The first complaint of the Writers to Reform the Libel Law is that there is no definition of libel, no definition of reputation and its worth, no guidelines to say which complaints are trivial and which are worth a court’s time. From a less self-centred viewpoint, the latter parts of that might be seen as uncertainties incapable of being resolved—and not just in libel suits—except in the legal process itself. As to defining the thing itself, John J. Robinette, one of Canada’s leading counsel, once recited to a newspaper group this classic definition: “Any printed words . . . which tend to lower a person in the estimation of rightthinking men, or cause him to be shunned and avoided, or expose him to hatred, contempt or

ridicule, or disparage him in his office, trade or calling, constitute a libel.” The law, he said, “proceeds on the theory that every person has a legal right not to have his reputation wrongly injured. ...”

He went on to say: “Of course, a true statement of fact is not actionable, but unfortunately, in our law, the onus is on a defendant in a libel action to prove that the statement of fact is true.” The writers group goes far beyond complaining about that so-called reverse onus, and asserts flatly that “truth is no defence.” That not only contradicts Robinette, but most people who write about the subject. Clare Beckton, a former professor at Dalhousie University’s faculty of law, said in The Law and the Media in Canada (1982): “Justification is the defence which maintains that the words which were published were true in substance and in fact. It is an absolute defence and will not even be defeated if it is shown that the words were published with malice.”

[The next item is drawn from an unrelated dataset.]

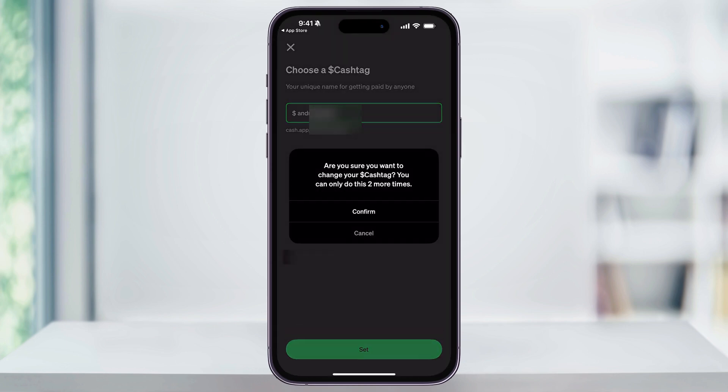Once you do enter a unique and available name, the Set button will then light up. Tap that. A pop-up will then appear letting you know that you can only change your cash tag a limited number of times, and that amount is two. If you've never changed yours before, like I haven't here, then you should still have both available. When you're sure about your new cash tag that you want to use, tap Confirm.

Having said their dissenting piece on truth as a defence, the writers also suggest—before setting out what they think a new libel law should contain—that no new libel law is needed because there are already laws in Ontario against malicious falsehood. If taken seriously, as not even they seem to do, that would leave a party claiming defamation having to prove not only that a statement was false, but also that it occurred through malicious intent. In those circumstances, getting redress for just about anything written or spoken would be a forlorn hope.

The landmark decision of the U.S. Supreme Court in The New York Times vs. Sullivan did just about that concerning at least public officials in 1964. As Powe comments in his chapter on libel, “In its early days, the ‘actual malice’ standard seemed high enough to preclude all but a minuscule number of judgments.” But later judgments by courts still striving after the right balance between a constitutional right of freedom of expression, and the private right not to have a good reputation blackened, somewhat moderated the 1964 effect. Nevertheless, in the process the burden of proof placed on the media to prove truth when challenged in court disappeared.

It is not an original thought here, but one plucked from Richard Kluger’s 1986 book, The Paper: The Life and Death of the New York Herald Tribune, that the reason for the so-called reverse onus was not “a jurisprudentially unsound one.” The argument had been made ages earlier by the Herald Trib’s own lawyer, E. Douglas Hamilton, who lost only one libel case in 29 years. In a co-authored book, Libel: Rights, Risks, Responsibilities, he depicted the publisher of an alleged libel standing in the shoes of a prosecutor. The libel, if there was one, consisted of someone’s being accused in public of bad conduct. Therefore, the traditional presumption of innocence until proven guilty should lie in favor of the individual against the media entity.

It’s a thought—not that the Writers to Reform the Libel Law are likely to waste much time on it, having decided that, with everyone’s reputation safe in their hands, Ontario could get by even with no libel law at all.